On 24 June, U.S. legislators pushed through resolutions calling for an end to American military involvement in the Iran theater. One measure passed the House of Representatives by 215 votes to 208, and a similar resolution was approved in the Senate. The texts aim to curtail the president’s authority to deploy U.S. forces against Iran without explicit congressional approval, using War Powers Act mechanisms to demand a withdrawal of troops from what proponents describe as “the Iranian war.” Reporting around the Senate outcome notes that the votes are unlikely to have immediate practical effect, in part because the administration can veto or work around them, but their symbolic weight is considerable.

For Donald Trump, who has framed his Iran policy as one of maximum pressure and personal leverage, the votes represent a political defeat. He lashed out publicly, arguing that he had Iran “on the ropes” and “ready to go down for the fall,” claiming that Tehran was now willing to give the United States “practically anything.” In his telling, the Senate’s move amounted to a “poorly timed and meaningless War Powers Act vote” that sends a message to “the Number One Sponsor of Terror in the World” that Washington is divided over his approach.

On the other side of the table, Iranian officials have spent years scrutinizing Trump’s behavior, according to accounts circulating among diplomats familiar with past rounds of talks. Negotiators in Tehran have reportedly read his book “The Art of the Deal” and even consulted psychologists to better predict his moves. Mediators have urged them to discount some of Trump’s public outbursts and focus instead on what U.S. envoys say in private. Even so, when social‑media posts from the Oval Office repeatedly disrupted U.S.–Iran peace discussions, Iranian negotiators were said to pause or recalibrate, uncertain whether any offer would survive a presidential tweet.

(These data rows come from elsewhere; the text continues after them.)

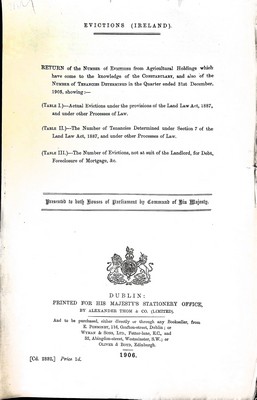  - Evictions ( Ireland): The Number of Evictions from Agricultural Holdings which have come to the kmnowledge of the Constabulary and also the number of Tenancies determined in the Quarter ended 31st December 1905 -  - KEX0309517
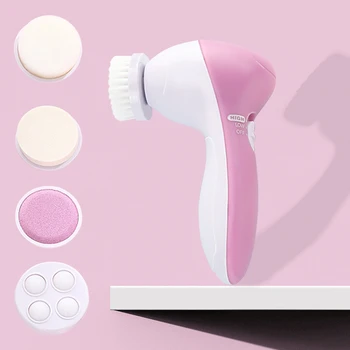 

5 in 1 Electric Facial Cleanser Wash Face Cleaning Machine Skin Pore Cleaner Body Cleansing Massage Mini Beauty Massager Brush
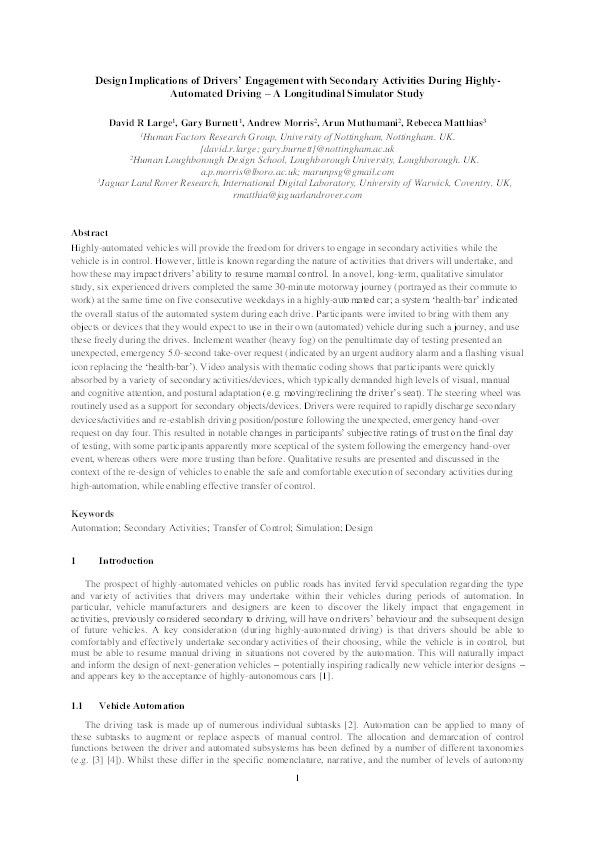 Design Implications of Drivers’ Engagement with Secondary Activities During Highly-Automated Driving – A Longitudinal Simulator Study Thumbnail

The stakes of this domestic U.S. dispute are not abstract. For U.S. troops deployed in and around the Gulf, legal clarity over missions against Iran can shape rules of engagement and risk exposure. For Iranian commanders and allied militias, signs of division in Washington can be read as either an invitation to probe or a warning that missteps could trigger an unpredictable American reaction. For civilians and shipping companies that depend on Gulf energy routes, every signal of miscalculation risk between the U.S. and Iran feeds into insurance premiums and route planning.

Strategically, Congress’s pushback complicates the message the U.S. sends abroad. Allies in Europe, where governments are already debating how closely to align with any future U.S. military posture in the Middle East, now see a Washington that is internally divided over escalation with Iran. Partners in the Gulf, who have relied on American security guarantees, must weigh the possibility that a future administration will have less room to maneuver militarily if lawmakers continue to tighten the legal leash.

For Tehran, the picture is equally complicated. Public votes to restrain Trump could be read as proof that parts of Washington want de‑escalation, encouraging Iran to wait out a presidency it views as hostile. But they could also deepen the regime’s belief that U.S. policy is fragmented and highly personalized — a system where presidential posts can derail delicate negotiations overnight despite more measured signals from career diplomats or Congress.

The shareable lesson from this week’s votes is blunt: when negotiation strategy depends on a single leader’s public mood, a domestic political setback can echo louder in foreign capitals than any official communique.

The next indicators to watch are whether the resolutions trigger a formal confrontation over troop deployments, and how Iran calibrates its regional posture in response. Any new U.S.–Iran contact, whether indirect talks on sanctions or quiet understandings on maritime security, will now be tested against a backdrop in which both Trump’s social‑media megaphone and Congress’s war‑powers challenge are part of the negotiating room.